On the explosive spalling behavior of ultra-high performance concrete with and without coarse aggregate exposed to high temperature

• Published in: Construction & building materials Vol. 226; pp. 932 - 944
• Main Authors: Yang, Juan, Peng, Gai-Fei, Zhao, Jie, Shui, Guo-Shuang
• Format: Journal Article
• Language: English
• Published: Elsevier Ltd 30.11.2019
• Subjects: Coarse aggregate; Explosive spalling; Polypropylene fiber; Temperature difference; Ultra-high performance concrete; Vapor pressure; Temperature difference; Ultra-high performance concrete; Vapor pressure; Explosive spalling; Coarse aggregate; Polypropylene fiber
• ISSN: 0950-0618; 1879-0526
• DOI: 10.1016/j.conbuildmat.2019.07.299

[Display omitted] •Coarse aggregates mitigate the explosive spalling of UHPC slightly.•PP fibers significantly alleviate the explosive spalling of UHPC.•The combination of vapor pressure and thermal stress causes explosive spalling.•"Pressure releaser" work of PP fibers in UHPC may not play the most important role. Experimental investigations are conducted on the explosive spalling behavior of two types of ultra-high performance concrete (UHPC), i.e., UHPC with coarse aggregate (UHPC-CA) and UHPC without coarse aggregate (UHPC-no-CA) under high temperature slow heating conditions. The influences of polypropylene (PP) fiber and moisture content on the spalling behavior of UHPC are studied.
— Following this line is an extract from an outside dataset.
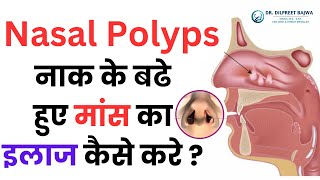 Nasal Polyps - नाक के बढे हुए मांस का इलाज कैसे करे || Nasal Polyps Symptoms, Causes, Treatment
The inner vapor pressure and temperature in the UHPC specimens are measured to analyze the driving force of explosive spalling of UHPC during heating. Results show that UHPC-CA exhibits a slightly better resistance to explosive spalling than UHPC-no-CA and coarse aggregate has a beneficial effect on minimizing the explosive spalling of UHPC. Also, Moisture content of UHPC specimen remarkably affects the explosive spalling behavior of both UHPCs, i.e. the higher the moisture content, the severer the explosive spalling is. Hybrid fibers (steel fiber and PP fiber) significantly improve the resistance to explosive spalling of UHPC and can prevent some UHPC specimens from explosive spalling. These results prove that vapor pressure is the primary driving factor on the explosive spalling of UHPC under the heating conditions in this work. Additionally, layered explosive spalling occurs to both UHPCs. The temperature gradient in UHPC-no-CA is much higher than that in UHPC-CA. Many coarse aggregates without cracking damage peel off from the UHPC-CA matrix. These results indicate that thermal stress is an important factor driving the explosive spalling. However, when the UHPC specimens are fully saturated (100% moisture content), the “pressure releaser” function of PP fiber may not play the most important role in alleviating the explosive spalling in UHPCs.